Huawei holds a lot of patents and it offers the lowest costs in building 5G networks, declining it from participating will delay the roll-out of the 5G network. However, fundamental rights should always outweigh economic considerations. German and European citizens’ freedom from fear and the fundamental right to privacy should always trump the cost of money and time. There is no remedy for violations of fundamental rights and mass surveillance. The damage it creates cannot be undone, and the fear of surveillance will erode fundamental freedoms.
Hongkongers are fighting for freedom and human rights now, and it is an uphill battle. And there is a chance for the free world to be compromised as well because China is very eager in expanding its influence in other states’ economies to gain more leverage in the global arena. But however large economic benefits PRC can offer, Germany or Europe should never sacrifice privacy and fundamental rights in pursuit of profit. Engaging with Huawei is risking the freedoms and rights of German citizens value and inviting Germany to be subject to China’s influence.

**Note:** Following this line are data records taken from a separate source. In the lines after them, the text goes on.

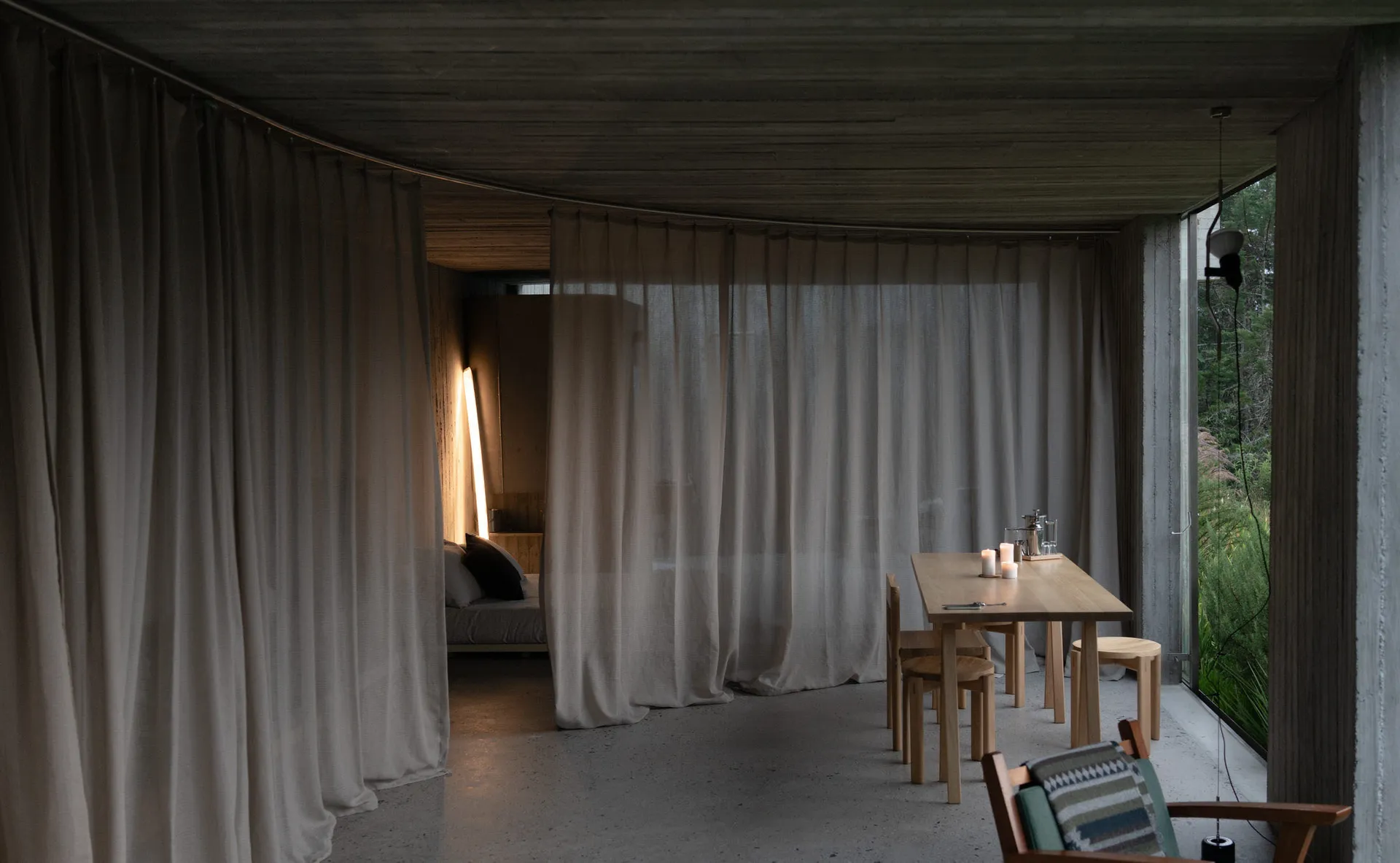 A minimalist living space featuring textured curtains and a warm, soft lighting setup.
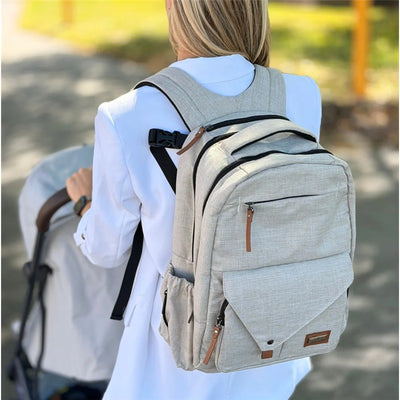Beige Primo Passi PerTutti Baby Diaper Bag Backpack worn by a woman, featuring multiple pockets and adjustable straps.
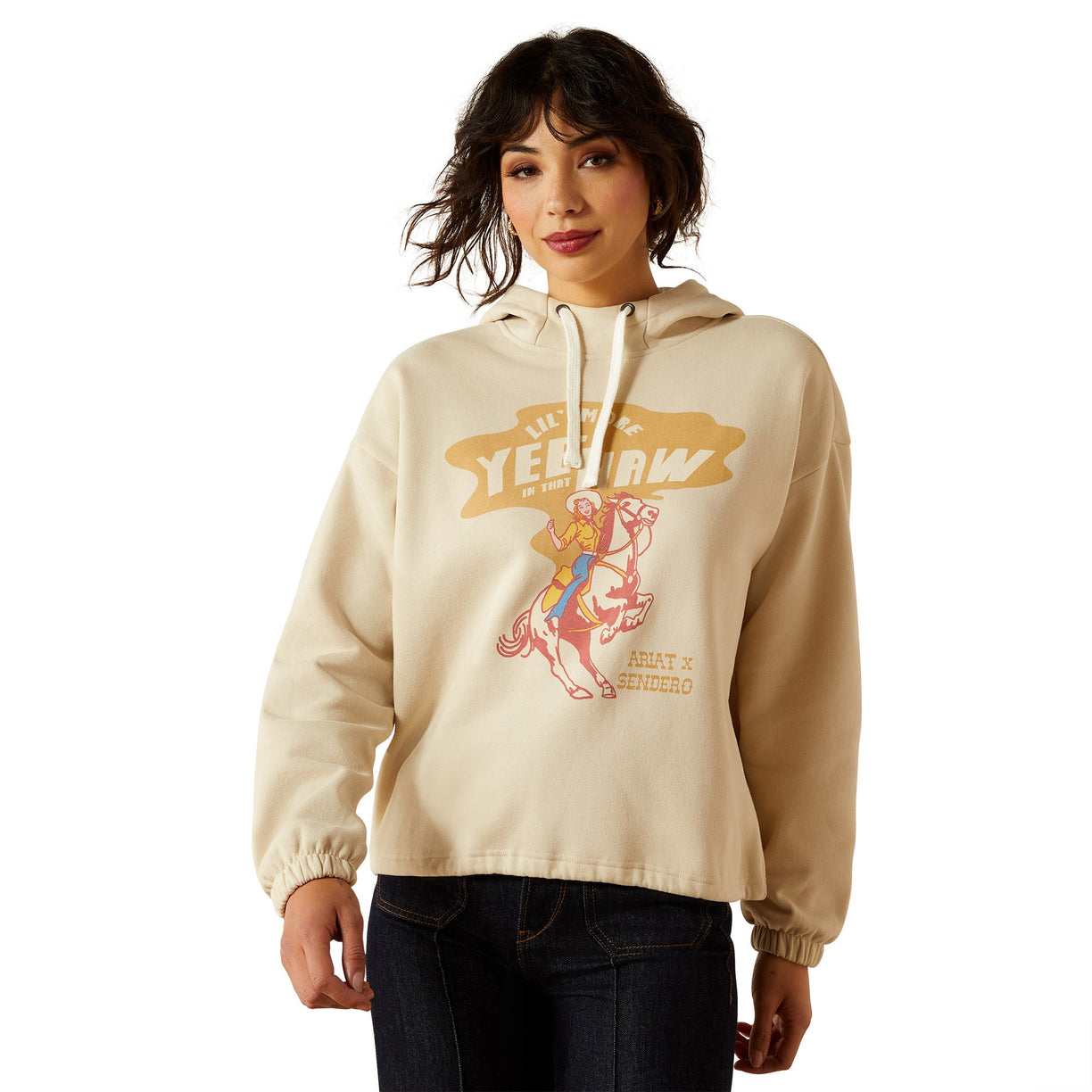 Woman wearing a beige hoodie with graphic design on a white background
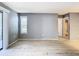 Living room with sliding glass doors to the exterior, wood grain flooring and view to closet at 3700 Idlebrook Cir # 114, Casselberry, FL 32707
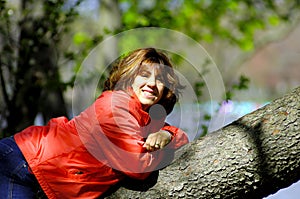 Woman on Tree Limb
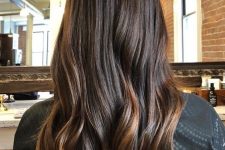 long and a bit wavy cold brew hair with a bit of honey and caramel balayage on the tips and in the lower part looks trendy and chic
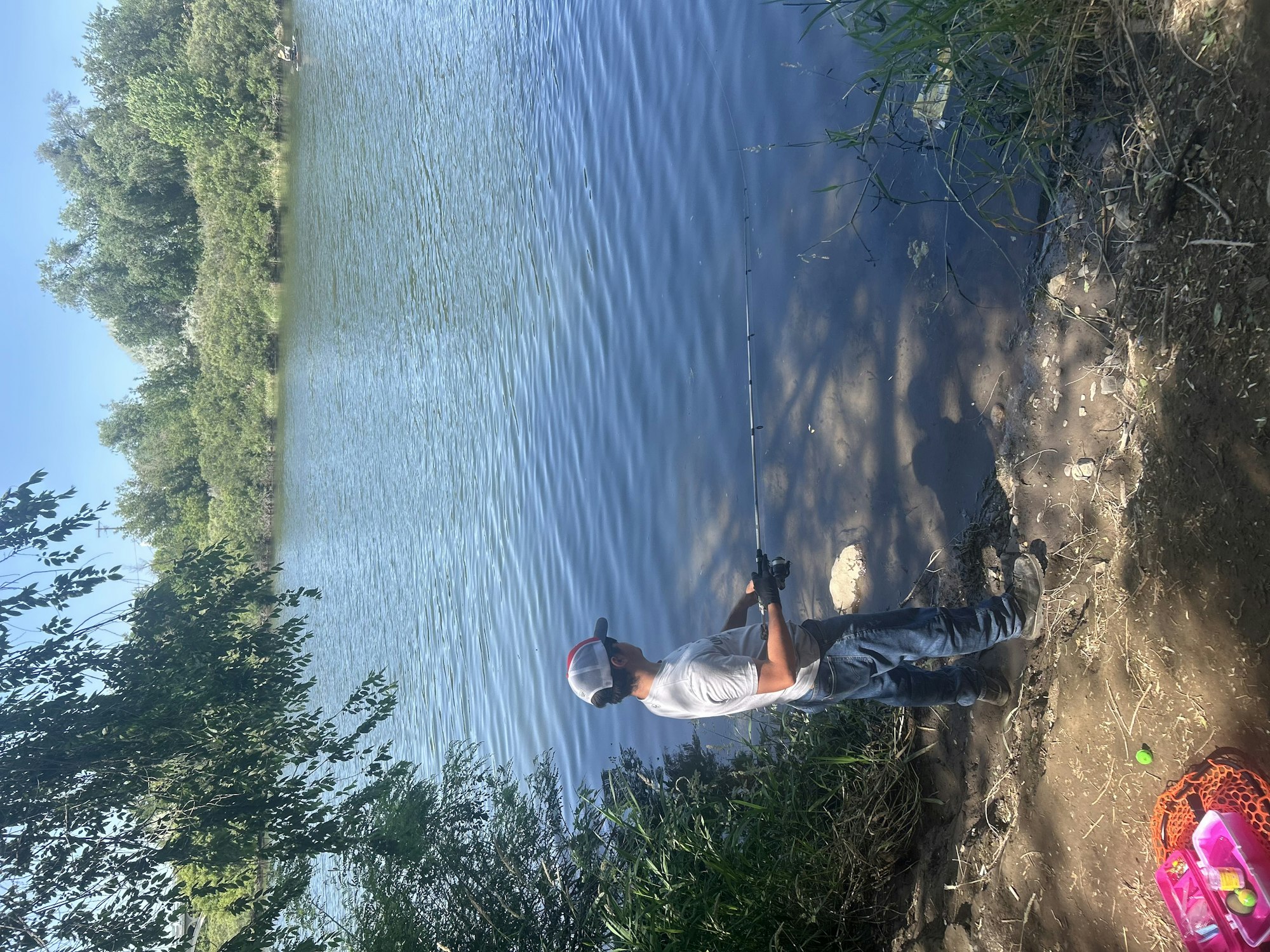 Person fishing by a lakeside, surrounded by greenery; equipment and a pink tackle box nearby.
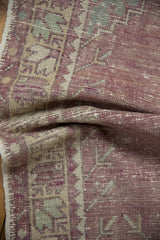 Soft, pliable texture of a distressed vintage Oushak rug in muted purple, ivory, and mint.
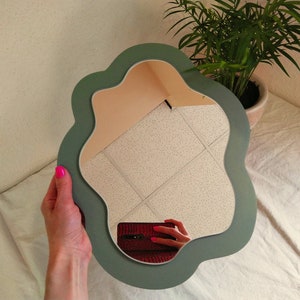 May include: A green, wavy-shaped mirror with a white ceiling reflected in the glass. The mirror is being held by a hand with pink nail polish.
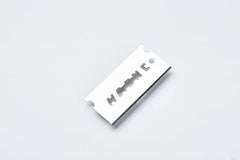 OneBlade Feather FHS-10 blade close-up highlighting PTFE coating for smooth glide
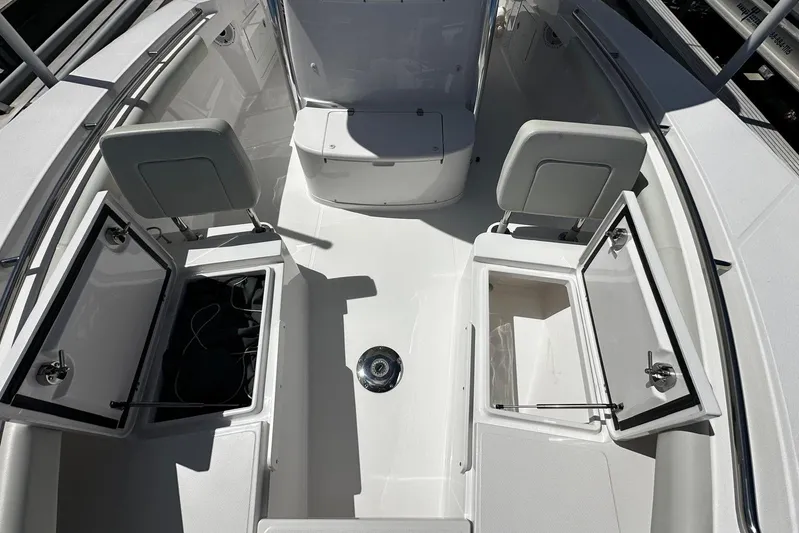  Yacht Photos Pics 2022 Southport 30 FE boat interior with open storage compartments and seating.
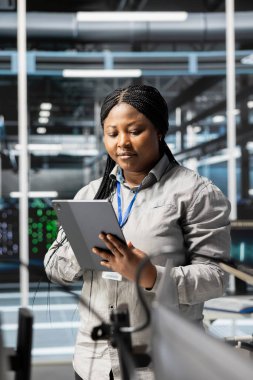 Veri merkezindeki kadın yazılım güncellemeleri yapıyor, derin öğrenme parametrelerini doğruluyor. Yapılandırmaları denetlemek ve en iyi uygulama performansını sağlamak için PC kullanan Afrikalı Amerikalı sunucu merkezi IT uzmanı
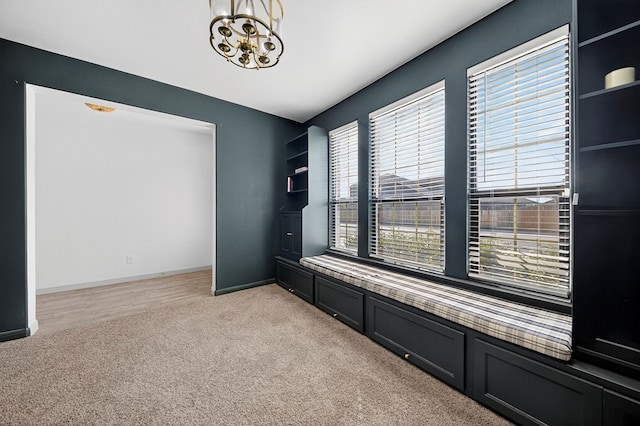 7410 W Pile Ranch Rd, Odessa, TX 79765 - unfurnished room featuring light carpet, plenty of natural light, and a chandelier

Another issue I see as a digital rights activist is that we don’t actually know what we are trying to protect and how to protect it. In this day and age, it is weird to see individuals being very sensitive towards state surveillance but not noticing commercial surveillance. If you ask a random citizen, do you think the government should collect your behavioral pattern, have them analyzed and then profiled you, I think most of them will say “no, because it is an infringement of our privacy and my right to a private life”. However, they are willingly giving up their data for personalized services. It is rather weird. The state is bound by the constitution, the social contract we tacitly gave our consent to. But economic entities are bound by nothing but laws and regulations that are proved to be filled with loopholes.
Education is key. Yes, but how do we tell people about their data?
When we say privacy, we think of data protection, but what actually is data? Or more precisely what is personal data? We often refer data as “the new oil”. But personal data is far more useful and far more complex than just being the new fuel.
Recently, millions of photos posted on a hosting site, Flickr, under the Creative Commons License (CC License), are being taken by a Tech-Giant, IBM, to train their facial recognition AI (Metz, 2019), without requesting consent from those who are photographed. The CC License is a framework under which people can loosen restrictions on photos, text, video or other material that otherwise would be protected by copyright. The photos, on one hand, are copyrighted material of the photographer, on the other hand, is the personal information of those being photographed under the definition of the General Data Protection Regulation (GDPR). These photos are information relating to an identified or identifiable natural person.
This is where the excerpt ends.